Is Amarone a Della?

Is Amarone a Della?

Amarone della Valpolicella, usually known as Amarone (UK: /ˌæməˈroʊneɪ, -ni/, Italian: [amaˈroːne]), is an Italian DOCG denomination of typically rich dry red wine made from the partially dried grapes of the Corvina (45–95%, of which up to 50% could be substituted with Corvinone), Rondinella (5–30%) and other approved …

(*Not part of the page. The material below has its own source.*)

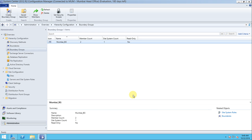So now we have learned what boundaries are, what boundary groups are, how to create them, and how they are used. I hope you understand the console and the boundaries and boundary groups. We will discuss each step of SCCM one by one. Don't forget to like the video and subscribe to the channel for new videos. Thanks for watching — we'll see you in the next video.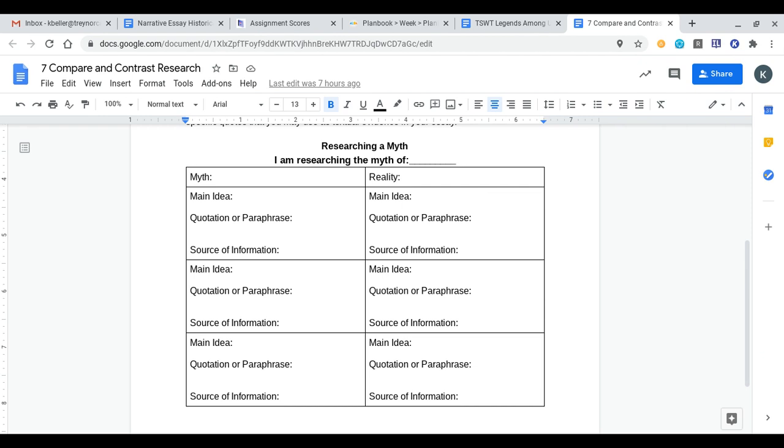I could then talk about some of the internet sites that we read last week that talked about how people died due to the Salem Witch Trials, not through burning but through other means, and that kind of stuff would all go on the right-hand side under reality.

What makes Amarone special?

‘In broad strokes: Amarone from Classico tends to be the most elegant and aromatic, versions from the Valpantena are generally lighter and fruitier, while the so-called ‘extended’ zone (beyond Classico and Valpantena, bordering on the Soave) tends to produce richer, more muscular wines with a higher alcohol level. ‘

How many types of Amarone are there?

3 Styles
3 Styles of Amarone Amarone is produced in 16 designations throughout three main subregions of Valpolicella— Classico, Valpentana, and “Est” (extended zones)—and classified into three different styles: Normale, Riserva, and Recioto. Normale: Normale Amarone ages for a minimum of two years.

How long should an Amarone wine breathe?

If the nose is blocked, 20 minutes of decanter will be enough, for the most important wines you can wait even 40 minutes. To avoid mistakes I recommend that you taste the wine every 20 minutes: you can really feel how it changes over time!